→ REQUIREMENT
Excerpt from the entries below: please repeat exactly the lines from the one containing "Camiseta Extra Extra" through the last one, both ends included, with no pictures.

(Stored items)
[Start of Attachment]

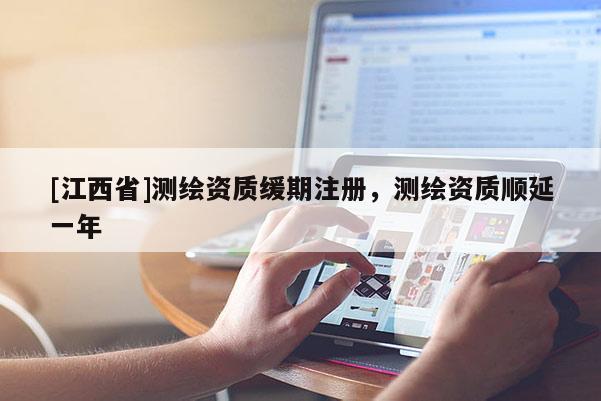 [江西省]测绘资质缓期注册，测绘资质顺延一年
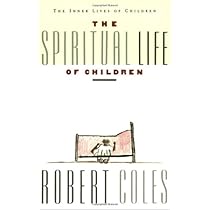 洋書 The Spiritual Life Of Children , Coles The Spiritual Life of Children - Kindle edition by Coles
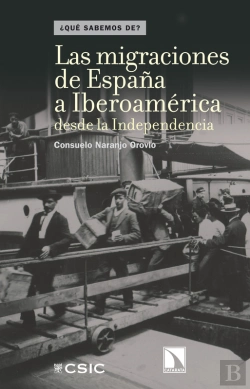Bertrand.pt - Las Migraciones De España A Iberoamérica Desde La Independencia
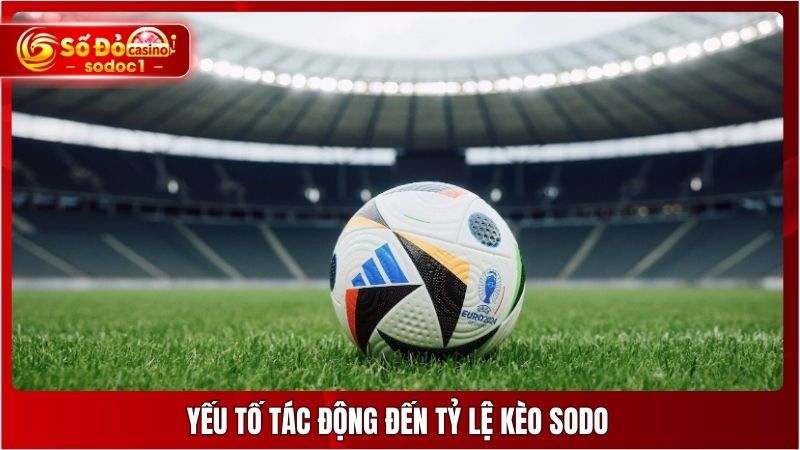 Yếu tố tác động đến tỷ lệ kèo SODO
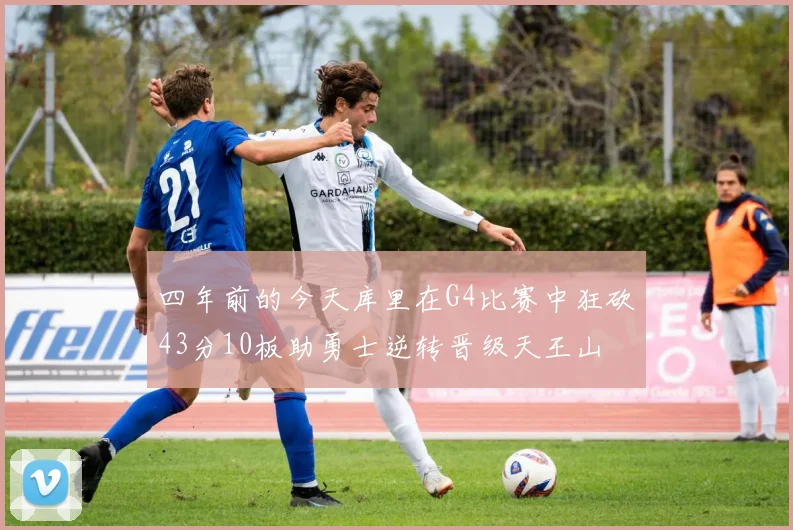 四年前的今天库里在G4比赛中狂砍43分10板助勇士逆转晋级天王山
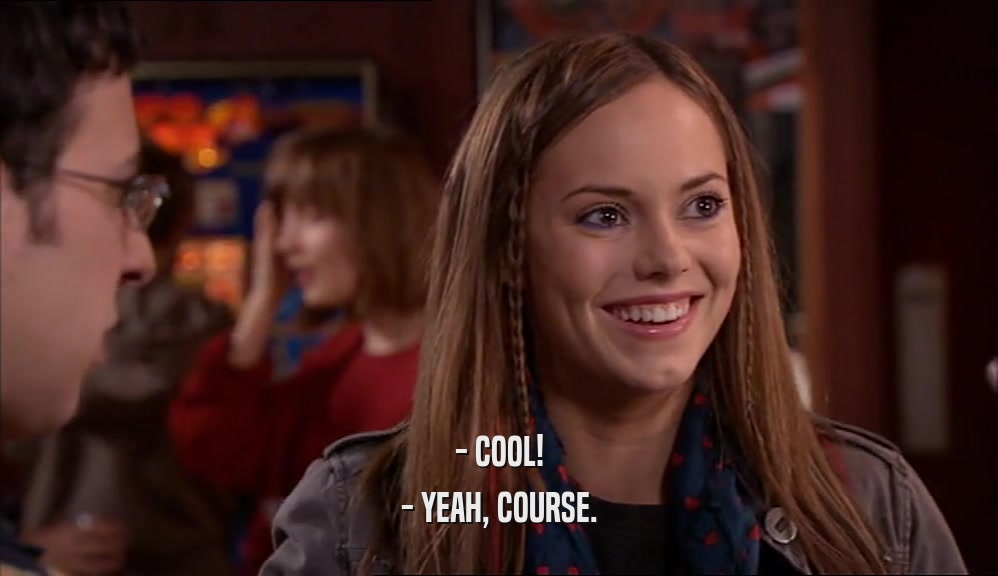 - COOL! - YEAH, COURSE. 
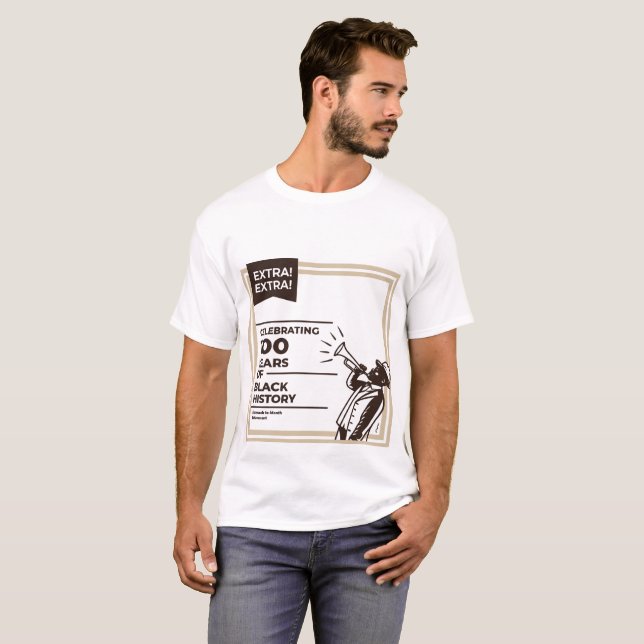 Camiseta Extra Extra 100 Years of Black History Celebration (Anverso completo)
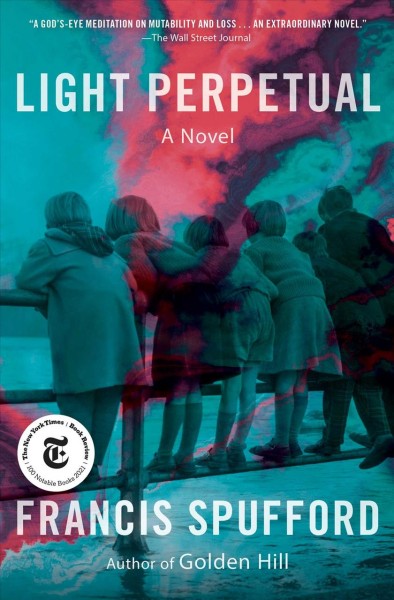 Light perpetual : a novel / Francis Spufford.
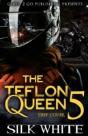 Teflon Queen Pt 5 - Preview
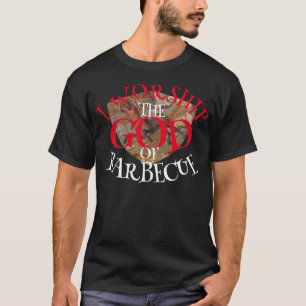 T-SHIRT JE VEUX LE DIEU DE BARBECUE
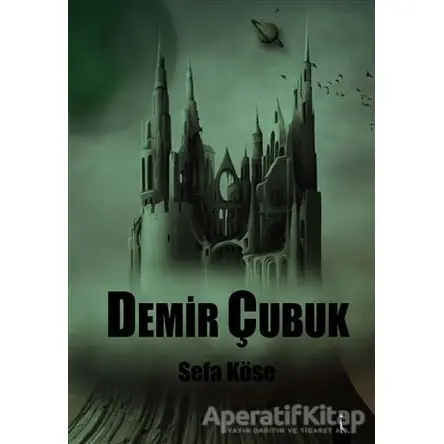 Demir Çubuk - Sefa Köse - İkinci Adam Yayınları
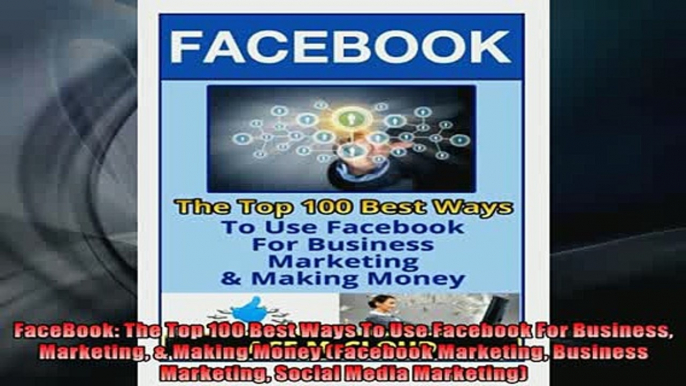 DOWNLOAD PDF  FaceBook The Top 100 Best Ways To Use Facebook For Business Marketing  Making Money FULL FREE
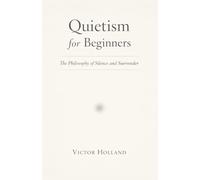 Quietism for Beginners: The Philosophy of Silence and Surrender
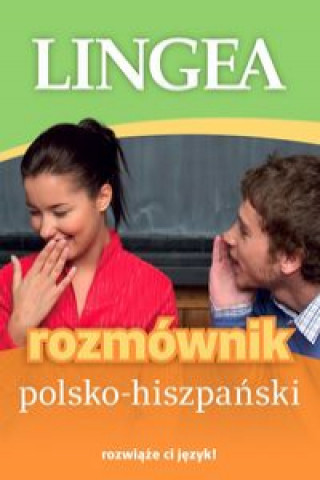 Könyv Rozmównik polsko-hiszpański praca zbiorowa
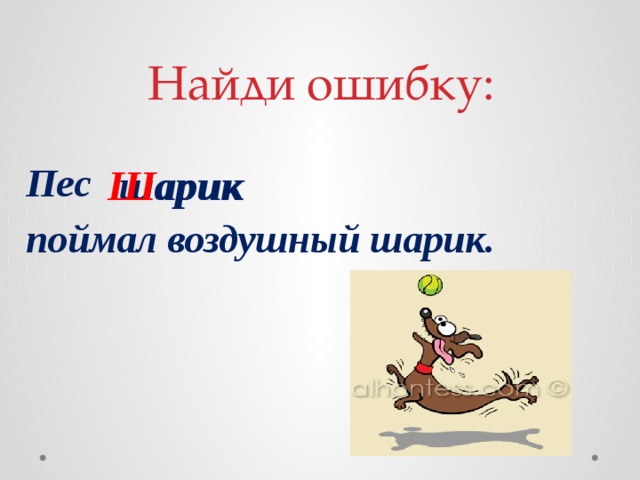 Найди ошибку: Пес поймал воздушный шарик. шарик Ш арик 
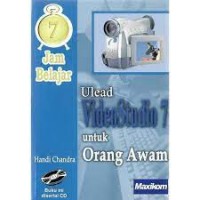Image of 7 JAM BELAJAR ULEAD VIDEOSTUDIO 7 UNTUK ORANG AWAM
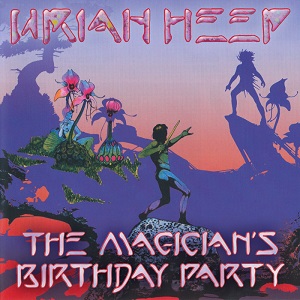 URIAH HEEP / ユーライア・ヒープ / THE MAGICIAN'S BIRTHDAY PARTY / 真・魔の饗宴~ライヴ2001<紙ジャケット>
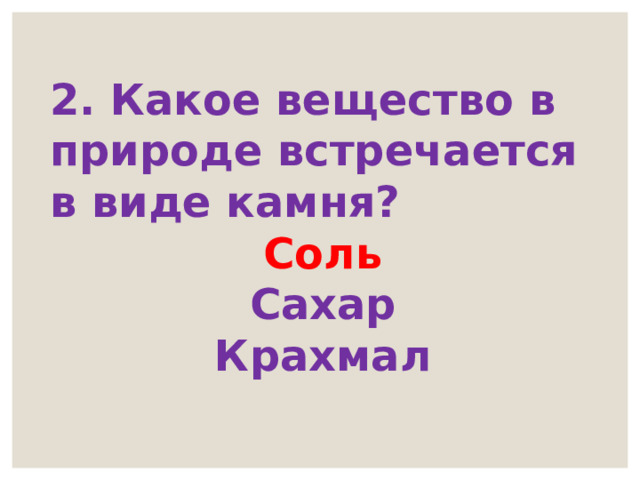 2. Какое вещество в природе встречается в виде камня? Соль Сахар Крахмал 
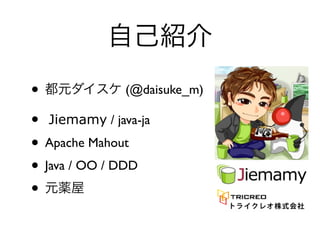 •               (@daisuke_m)

• Jiemamy / java-ja
• Apache Mahout
• Java / OO / DDD
•
 
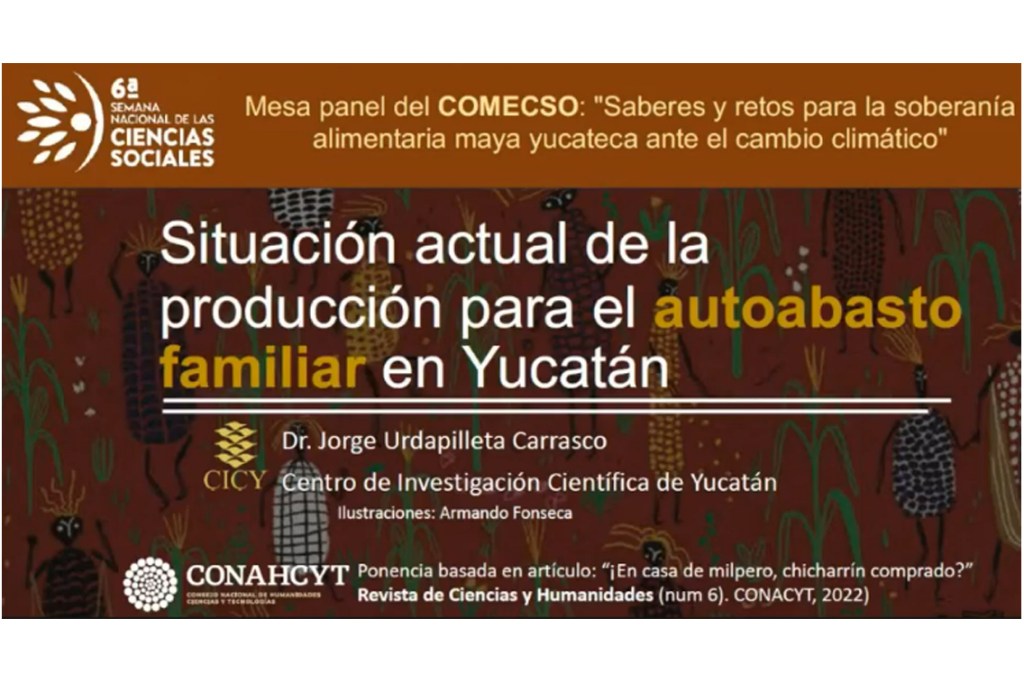 #Yucatán Comparten situación actual y retos de la soberanía alimentaria maya 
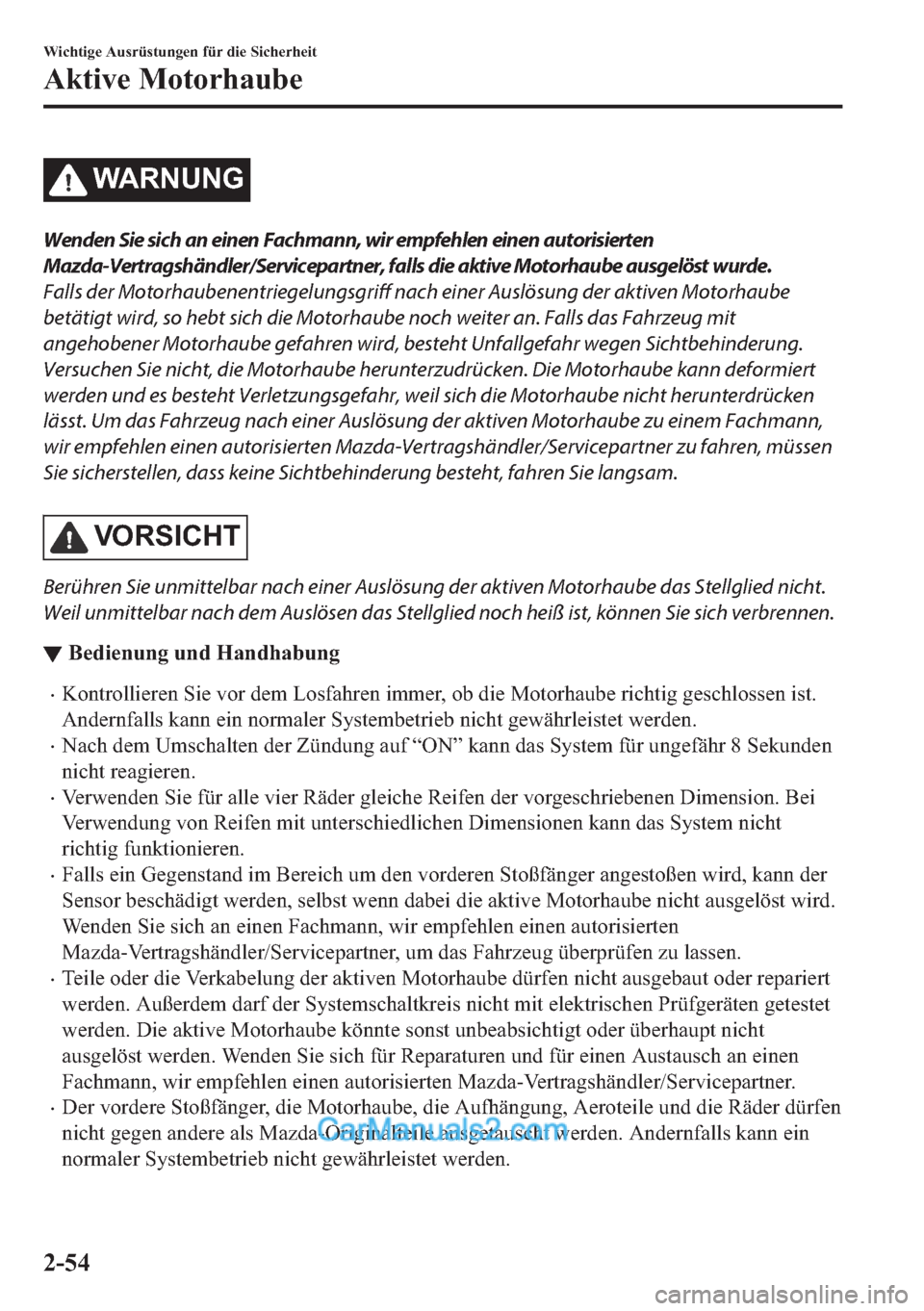 MAZDA MODEL MX-5 2017  Betriebsanleitung (in German) �:�$�5�1�8�1�*
Wenden Sie sich an einen Fachmann, wir empfehlen einen autorisierten
Mazda-Vertragshändler/Servicepartner, falls die aktive Motorhaube ausgelöst wurde.
Falls der 
Motorhaubenentriegel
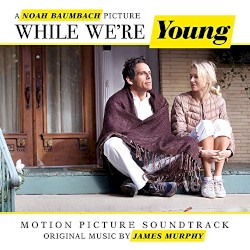 While We're Young (Motion Picture Soundtrack)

[End of Attachment]

→ SOLUTION TO THIS TASK
 Camiseta Extra Extra 100 Years of Black History Celebration (Anverso completo)
 Light perpetual : a novel / Francis Spufford.
 Teflon Queen Pt 5 - Preview
 T-SHIRT JE VEUX LE DIEU DE BARBECUE
 Demir Çubuk - Sefa Köse - İkinci Adam Yayınları
 DOWNLOAD PDF  FaceBook The Top 100 Best Ways To Use Facebook For Business Marketing  Making Money FULL FREE
 Quietism for Beginners: The Philosophy of Silence and Surrender
 Könyv Rozmównik polsko-hiszpański praca zbiorowa
 Найди ошибку: Пес поймал воздушный шарик. шарик Ш арик 
Image of 7 JAM BELAJAR ULEAD VIDEOSTUDIO 7 UNTUK ORANG AWAM
 URIAH HEEP / ユーライア・ヒープ / THE MAGICIAN'S BIRTHDAY PARTY / 真・魔の饗宴~ライヴ2001<紙ジャケット>
 2. Какое вещество в природе встречается в виде камня? Соль Сахар Крахмал 
 •               (@daisuke_m)

• Jiemamy / java-ja
• Apache Mahout
• Java / OO / DDD
•
 
 #Yucatán Comparten situación actual y retos de la soberanía alimentaria maya 
 MAZDA MODEL MX-5 2017  Betriebsanleitung (in German) �:�$�5�1�8�1�*
Wenden Sie sich an einen Fachmann, wir empfehlen einen autorisierten
Mazda-Vertragshändler/Servicepartner, falls die aktive Motorhaube ausgelöst wurde.
Falls der 
Motorhaubenentriegel
 While We're Young (Motion Picture Soundtrack)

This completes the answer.